ENTRIES SHOWN:
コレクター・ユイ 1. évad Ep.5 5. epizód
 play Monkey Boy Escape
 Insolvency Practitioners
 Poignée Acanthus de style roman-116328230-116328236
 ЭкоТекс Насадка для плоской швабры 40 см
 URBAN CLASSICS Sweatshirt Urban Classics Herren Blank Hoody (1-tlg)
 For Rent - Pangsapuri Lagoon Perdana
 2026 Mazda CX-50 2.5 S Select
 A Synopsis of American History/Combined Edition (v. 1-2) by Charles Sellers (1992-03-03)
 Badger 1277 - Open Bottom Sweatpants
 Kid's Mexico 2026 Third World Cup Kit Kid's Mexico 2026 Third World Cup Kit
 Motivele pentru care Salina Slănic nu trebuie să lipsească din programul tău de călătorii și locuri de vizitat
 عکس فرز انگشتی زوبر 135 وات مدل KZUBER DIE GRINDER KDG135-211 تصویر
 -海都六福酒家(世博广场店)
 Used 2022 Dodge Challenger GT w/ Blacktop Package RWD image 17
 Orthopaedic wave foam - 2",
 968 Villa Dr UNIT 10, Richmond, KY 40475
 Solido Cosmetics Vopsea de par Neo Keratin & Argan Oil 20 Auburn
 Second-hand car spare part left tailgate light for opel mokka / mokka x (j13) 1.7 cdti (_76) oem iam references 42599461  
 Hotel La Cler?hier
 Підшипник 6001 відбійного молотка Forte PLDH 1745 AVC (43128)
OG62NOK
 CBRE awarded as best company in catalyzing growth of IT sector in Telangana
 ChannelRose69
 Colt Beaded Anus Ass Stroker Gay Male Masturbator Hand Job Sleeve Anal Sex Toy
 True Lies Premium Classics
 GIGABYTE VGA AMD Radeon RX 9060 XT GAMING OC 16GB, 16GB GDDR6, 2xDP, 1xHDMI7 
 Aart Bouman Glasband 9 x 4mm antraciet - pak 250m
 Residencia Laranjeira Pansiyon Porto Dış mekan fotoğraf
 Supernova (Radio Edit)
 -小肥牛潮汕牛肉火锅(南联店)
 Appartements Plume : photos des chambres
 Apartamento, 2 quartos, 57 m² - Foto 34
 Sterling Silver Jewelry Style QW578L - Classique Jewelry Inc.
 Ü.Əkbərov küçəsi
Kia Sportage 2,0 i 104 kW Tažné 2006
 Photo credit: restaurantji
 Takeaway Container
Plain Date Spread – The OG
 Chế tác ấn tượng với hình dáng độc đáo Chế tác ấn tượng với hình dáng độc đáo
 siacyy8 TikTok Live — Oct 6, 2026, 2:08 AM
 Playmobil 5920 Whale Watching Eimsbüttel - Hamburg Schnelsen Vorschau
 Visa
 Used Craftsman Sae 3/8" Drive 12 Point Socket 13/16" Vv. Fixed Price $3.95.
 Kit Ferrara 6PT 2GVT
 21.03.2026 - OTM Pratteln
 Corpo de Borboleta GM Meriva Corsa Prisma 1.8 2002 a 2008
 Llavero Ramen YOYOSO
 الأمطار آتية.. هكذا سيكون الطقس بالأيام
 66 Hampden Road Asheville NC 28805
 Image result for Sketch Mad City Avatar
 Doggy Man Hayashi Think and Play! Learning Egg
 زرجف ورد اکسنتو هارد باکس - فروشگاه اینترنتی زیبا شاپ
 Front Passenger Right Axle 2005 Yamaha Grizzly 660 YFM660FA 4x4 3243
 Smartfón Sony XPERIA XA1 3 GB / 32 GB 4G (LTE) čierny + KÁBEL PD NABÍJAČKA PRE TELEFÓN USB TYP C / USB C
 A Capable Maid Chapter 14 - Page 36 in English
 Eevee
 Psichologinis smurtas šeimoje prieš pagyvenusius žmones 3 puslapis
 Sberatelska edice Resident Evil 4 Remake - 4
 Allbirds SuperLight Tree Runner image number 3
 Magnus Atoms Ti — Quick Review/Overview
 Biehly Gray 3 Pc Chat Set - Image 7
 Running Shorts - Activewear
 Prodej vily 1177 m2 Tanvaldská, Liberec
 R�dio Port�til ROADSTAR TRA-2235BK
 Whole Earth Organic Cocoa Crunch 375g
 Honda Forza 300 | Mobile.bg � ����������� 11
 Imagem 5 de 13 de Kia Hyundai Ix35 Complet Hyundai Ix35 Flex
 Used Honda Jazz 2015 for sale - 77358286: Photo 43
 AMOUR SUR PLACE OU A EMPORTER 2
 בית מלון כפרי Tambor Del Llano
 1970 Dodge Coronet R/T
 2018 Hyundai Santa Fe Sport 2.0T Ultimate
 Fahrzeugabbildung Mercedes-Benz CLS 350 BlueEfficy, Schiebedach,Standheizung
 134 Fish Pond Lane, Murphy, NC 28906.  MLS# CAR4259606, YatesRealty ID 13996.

AIM OF THE EXERCISE: The response should be the listing above, limited to the lines between the one holding "Poignée Acanthus de" and the one holding "Solido Cosmetics Vopsea", inclusive, reproduced exactly.

RESPONSE TO THIS TASK:
 Poignée Acanthus de style roman-116328230-116328236
 ЭкоТекс Насадка для плоской швабры 40 см
 URBAN CLASSICS Sweatshirt Urban Classics Herren Blank Hoody (1-tlg)
 For Rent - Pangsapuri Lagoon Perdana
 2026 Mazda CX-50 2.5 S Select
 A Synopsis of American History/Combined Edition (v. 1-2) by Charles Sellers (1992-03-03)
 Badger 1277 - Open Bottom Sweatpants
 Kid's Mexico 2026 Third World Cup Kit Kid's Mexico 2026 Third World Cup Kit
 Motivele pentru care Salina Slănic nu trebuie să lipsească din programul tău de călătorii și locuri de vizitat
 عکس فرز انگشتی زوبر 135 وات مدل KZUBER DIE GRINDER KDG135-211 تصویر
 -海都六福酒家(世博广场店)
 Used 2022 Dodge Challenger GT w/ Blacktop Package RWD image 17
 Orthopaedic wave foam - 2",
 968 Villa Dr UNIT 10, Richmond, KY 40475
 Solido Cosmetics Vopsea de par Neo Keratin & Argan Oil 20 Auburn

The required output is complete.